After an enchanting morning, we were ready to head back into more central Tokyo to visit some must-see tourist locations. First on the list was Shibuya Crossing, rumoured to be the busiest intersection in the world. With every light-change, hundreds of people go in every direction while somehow still managing to dodge each other – and when we arrived the bustle was no less than described. As there’s only so long you can last in such a busy place, we moved on to a quieter location – a cat cafe on the 8th floor of a building. Upon emerging from the elevator, we were immediately given slippers and shown to the main seating area, centred around a huge cat tree. In such a densely populated and cute loving city, cat cafes are commonplace, and Cafe Mocha that we visited seemed to have picked only cats suitably pastel coloured for the aesthetic, which was very relaxing.

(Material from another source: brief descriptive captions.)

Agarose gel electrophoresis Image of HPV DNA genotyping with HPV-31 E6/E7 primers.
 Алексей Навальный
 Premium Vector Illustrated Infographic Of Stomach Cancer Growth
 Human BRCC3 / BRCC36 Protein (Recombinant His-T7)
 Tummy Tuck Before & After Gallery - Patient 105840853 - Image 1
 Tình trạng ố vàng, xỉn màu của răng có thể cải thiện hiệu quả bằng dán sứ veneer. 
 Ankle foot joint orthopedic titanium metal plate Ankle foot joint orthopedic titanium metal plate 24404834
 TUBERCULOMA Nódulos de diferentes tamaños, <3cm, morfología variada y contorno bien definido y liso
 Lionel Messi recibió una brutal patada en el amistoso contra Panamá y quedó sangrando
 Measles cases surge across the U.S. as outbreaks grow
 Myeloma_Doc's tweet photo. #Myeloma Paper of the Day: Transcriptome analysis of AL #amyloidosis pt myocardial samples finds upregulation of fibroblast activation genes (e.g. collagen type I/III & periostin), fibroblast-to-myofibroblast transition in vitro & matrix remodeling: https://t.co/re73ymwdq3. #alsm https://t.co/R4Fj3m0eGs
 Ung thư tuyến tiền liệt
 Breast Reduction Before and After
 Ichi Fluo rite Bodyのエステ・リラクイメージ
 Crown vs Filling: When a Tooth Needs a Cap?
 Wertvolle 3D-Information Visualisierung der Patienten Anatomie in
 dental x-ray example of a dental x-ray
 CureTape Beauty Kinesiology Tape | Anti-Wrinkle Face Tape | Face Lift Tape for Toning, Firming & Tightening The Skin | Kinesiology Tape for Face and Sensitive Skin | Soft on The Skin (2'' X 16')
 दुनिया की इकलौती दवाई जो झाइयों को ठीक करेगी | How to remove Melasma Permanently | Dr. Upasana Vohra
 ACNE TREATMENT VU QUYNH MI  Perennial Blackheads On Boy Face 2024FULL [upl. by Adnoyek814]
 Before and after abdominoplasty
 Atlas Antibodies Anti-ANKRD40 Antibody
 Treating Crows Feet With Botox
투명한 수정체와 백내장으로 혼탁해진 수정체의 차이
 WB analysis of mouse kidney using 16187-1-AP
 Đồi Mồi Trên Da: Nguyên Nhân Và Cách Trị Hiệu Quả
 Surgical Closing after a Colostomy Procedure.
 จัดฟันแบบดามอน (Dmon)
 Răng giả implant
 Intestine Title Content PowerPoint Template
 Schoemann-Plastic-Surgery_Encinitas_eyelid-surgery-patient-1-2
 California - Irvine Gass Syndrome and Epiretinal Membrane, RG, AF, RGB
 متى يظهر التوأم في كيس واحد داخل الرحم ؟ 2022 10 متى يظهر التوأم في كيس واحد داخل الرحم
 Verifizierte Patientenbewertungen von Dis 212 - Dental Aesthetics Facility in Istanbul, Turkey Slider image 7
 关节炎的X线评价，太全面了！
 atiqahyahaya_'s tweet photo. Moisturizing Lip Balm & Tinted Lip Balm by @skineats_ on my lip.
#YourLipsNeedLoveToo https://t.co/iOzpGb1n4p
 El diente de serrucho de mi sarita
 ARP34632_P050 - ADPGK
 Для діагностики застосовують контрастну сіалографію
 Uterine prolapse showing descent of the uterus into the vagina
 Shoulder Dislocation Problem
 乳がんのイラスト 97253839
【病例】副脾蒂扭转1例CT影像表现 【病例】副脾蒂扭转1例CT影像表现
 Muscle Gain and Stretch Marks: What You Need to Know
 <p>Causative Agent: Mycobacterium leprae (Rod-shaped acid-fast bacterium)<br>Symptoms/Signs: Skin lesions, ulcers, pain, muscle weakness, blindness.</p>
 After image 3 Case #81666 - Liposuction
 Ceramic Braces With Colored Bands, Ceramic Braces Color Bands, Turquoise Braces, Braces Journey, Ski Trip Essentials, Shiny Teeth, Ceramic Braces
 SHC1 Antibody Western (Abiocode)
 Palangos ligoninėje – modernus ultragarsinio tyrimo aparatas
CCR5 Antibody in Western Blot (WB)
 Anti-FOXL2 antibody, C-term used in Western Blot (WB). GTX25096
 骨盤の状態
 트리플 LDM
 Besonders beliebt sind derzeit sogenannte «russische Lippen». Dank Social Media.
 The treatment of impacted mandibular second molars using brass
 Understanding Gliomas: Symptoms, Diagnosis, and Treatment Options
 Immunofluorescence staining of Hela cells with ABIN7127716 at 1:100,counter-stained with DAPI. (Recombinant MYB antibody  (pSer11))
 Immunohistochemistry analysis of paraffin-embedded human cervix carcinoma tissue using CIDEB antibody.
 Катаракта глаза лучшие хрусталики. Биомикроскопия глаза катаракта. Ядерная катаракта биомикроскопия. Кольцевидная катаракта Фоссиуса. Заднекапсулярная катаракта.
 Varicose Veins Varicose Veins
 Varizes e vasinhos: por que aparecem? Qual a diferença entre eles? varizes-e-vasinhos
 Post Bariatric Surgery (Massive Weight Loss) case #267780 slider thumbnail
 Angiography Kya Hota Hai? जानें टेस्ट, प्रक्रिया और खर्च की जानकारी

To round off our first full day in Japan, what better meal than sushi? We found a nearby conveyer belt restaurant, where despite my aversion to some things (namely fish roe and squid), we ate a delicious meal. One thing to note however, is that although each dish is pretty cheap, the plates stack up quickly!
The clouds parted for our last day in Tokyo, and in fact the burning sunshine meant we were grateful to escape the heat in the air-conditioned National Museum in Ueno park. There we were able to see intricately painted traditional screens and many samurai relics. As everyone should agree, food is the most exciting part of any outing, and wandering the streets near Ueno station was certainly an enticing experience. A matcha ice cream was the perfect antidote to the temperature (though it had to be eaten quickly to avoid drips!). I then found taiyaki, which I had previously only been able to ogle online. It is a delicious fish shaped pancake, filled with red bean paste – a sweet and tasty mix unique to this area of Asia.
Next we visited a small and lovely origami gallery and studio, in which there were such delicate models of women in kimonos that it was hard to believe they were entirely constructed from paper! The wide range of papers available in the shop were all so beautiful, some floral and some gilded, that we spent a long time simply admiring them while listening to an old man explain that he was the fourth generation of a family of origami masters – it is certainly an art form passed down through the ages to rival any other!
The one major location left on our list was Akihabara, gamers delight! So on the metro we hopped, and shortly emerged to bright lights and anime girls as tall as the tower blocks they were plastered to. The sheer quantity of lovely plastic trinkets and models available here is impressive – one shop we entered filled five floors with merchandise of many different anime shows.
Tokyo was everything I hoped and more: it is so enormous and interesting that one could never hope to experience it all in only a few days, but my first plunge into Japanese culture and life abroad was certainly wonderful!